Let us consider the following example:
test=# CREATE TABLE t_test (a int, b int); CREATE TABLE test=# INSERT INTO t_test SELECT 0, 1 FROM generate_series(1, 100000); INSERT 0 100000 test=# INSERT INTO t_test SELECT 1, 0 FROM generate_series(1, 100000); INSERT 0 100000 test=# ANALYZE t_test; ANALYZE
We add 100.000 rows containing 0 and 1 and then add 100.000 rows containing 1 and 0. Then optimizer statistics are built. So, all together we have 200.000 files in the table:
test=# explain SELECT count(*) FROM t_test; QUERY PLAN -------------------------------------------------------------------- Aggregate (cost=3385.00..3385.01 rows=1 width=0) -> Seq Scan on t_test (cost=0.00..2885.00 rows=200000 width=0) Planning time: 0.095 ms (3 rows)
So far everything looks just fine. The planner has guessed the number of rows in the table precisely. The same applies to the following query:
test=# explain SELECT count(*) FROM t_test WHERE a = 0; QUERY PLAN ------------------------------------------------------------------- Aggregate (cost=3634.28..3634.29 rows=1 width=0) -> Seq Scan on t_test (cost=0.00..3385.00 rows=99713 width=0) Filter: (a = 0) Planning time: 0.052 ms (4 rows)
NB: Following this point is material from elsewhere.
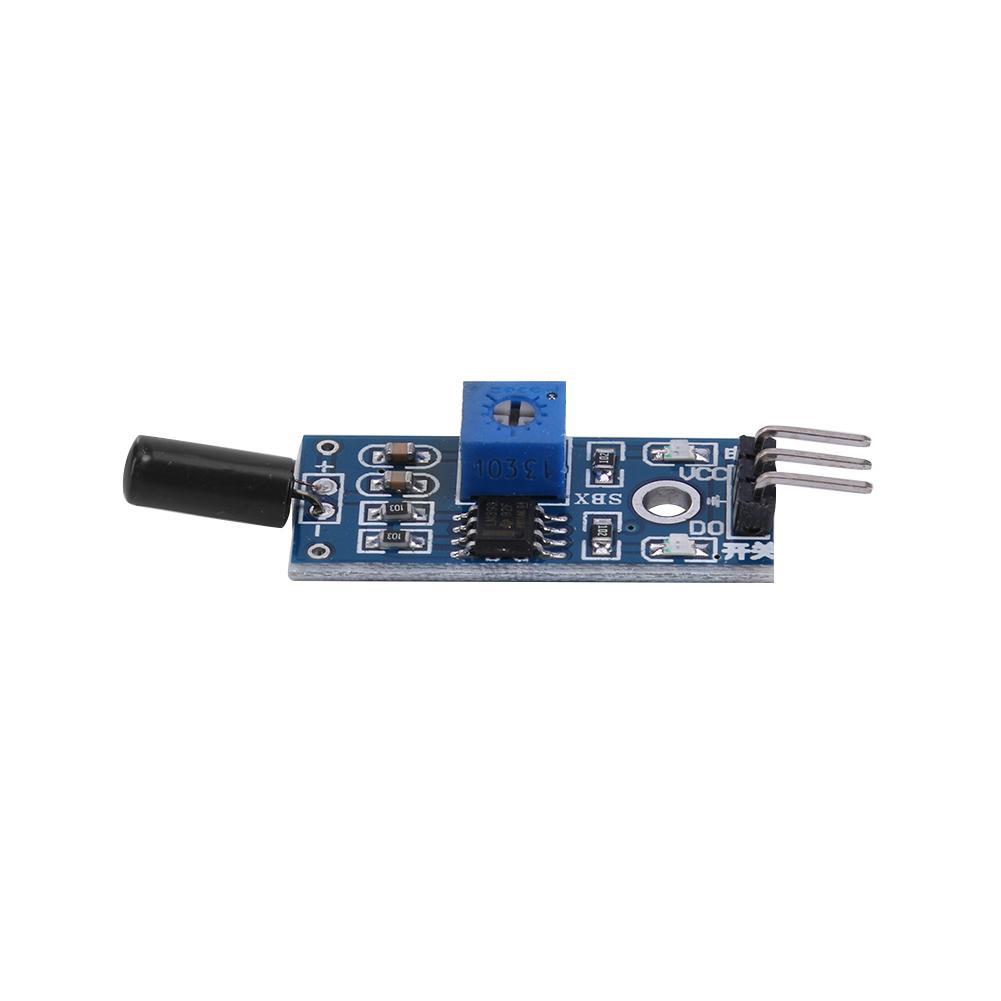 Normally Open SW-18015P Shock Sensor Module Vibration Sensor Alarm Module 3.3~5V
99.713 is actually a pretty good estimate and it is totally sufficient to come up with a reasonable plan.
cross correlation at work
Let us try something else:
test=# explain SELECT count(*) FROM t_test WHERE a = 0 AND b = 0; QUERY PLAN ------------------------------------------------------------------- Aggregate (cost=4010.00..4010.01 rows=1 width=0) -> Seq Scan on t_test (cost=0.00..3885.00 rows=50000 width=0) Filter: ((a = 0) AND (b = 0)) Planning time: 0.068 ms (4 rows)
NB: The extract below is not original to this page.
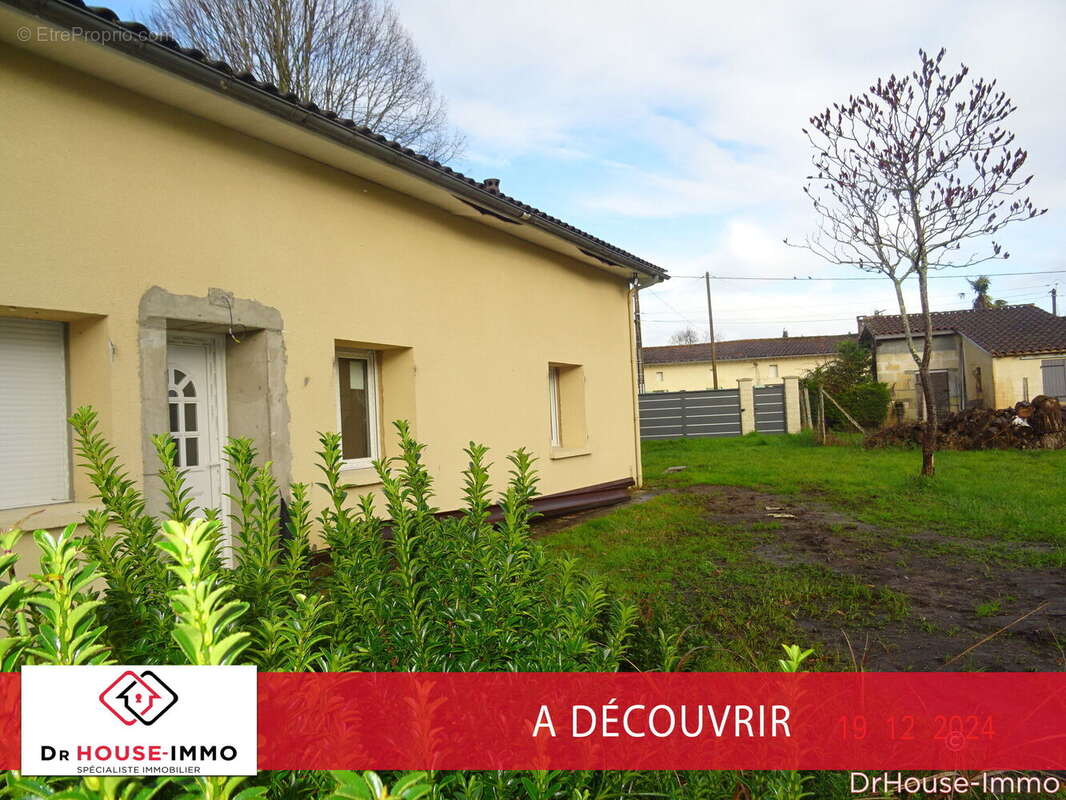 Maison à CAVIGNAC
Oops? What happened? The planner will estimate that 50.000 rows match this condition. The reality is somewhat different:
test=# SELECT count(*) FROM t_test WHERE a = 0 AND b = 0; count ------- 0 (1 row)
How did we end up with this terrible under-estimation of the problem?
Well, the reason is how PostgreSQL handles statistics. Internally PostgreSQL will store statistics for every column. So, we know that a=0 represents 50% of the table and b=0 will also represent 50% of the table. From a mathematical point of view it might be safe to just multiply those likelihoods:
0.5 * 0.5 = 0.25
This is exactly what is going on here. Therefore the estimate is 25% of 200.000 rows = 50.000 rows. In our example this is dead wrong. The problem is that PostgreSQL does not have statistics about the combination of those columns. It does not know that when a=1 than b will be 0.
As you have seen, this can lead to over estimation – but also to under estimations:
test=# explain SELECT count(*) FROM t_test WHERE a = 0 AND b = 1; QUERY PLAN ------------------------------------------------------------------- Aggregate (cost=4009.28..4009.30 rows=1 width=0) -> Seq Scan on t_test (cost=0.00..3885.00 rows=49714 width=0) Filter: ((a = 0) AND (b = 1)) Planning time: 0.035 ms (4 rows)
In this case the real number of rows returned by the system is 100.000 and not just 49.714.
Keep in mind that the examples I have created are really pretty artificial. But, things like that can happen in real life and cause issues along the way. And as always: If you get bad plans – expect bad performance.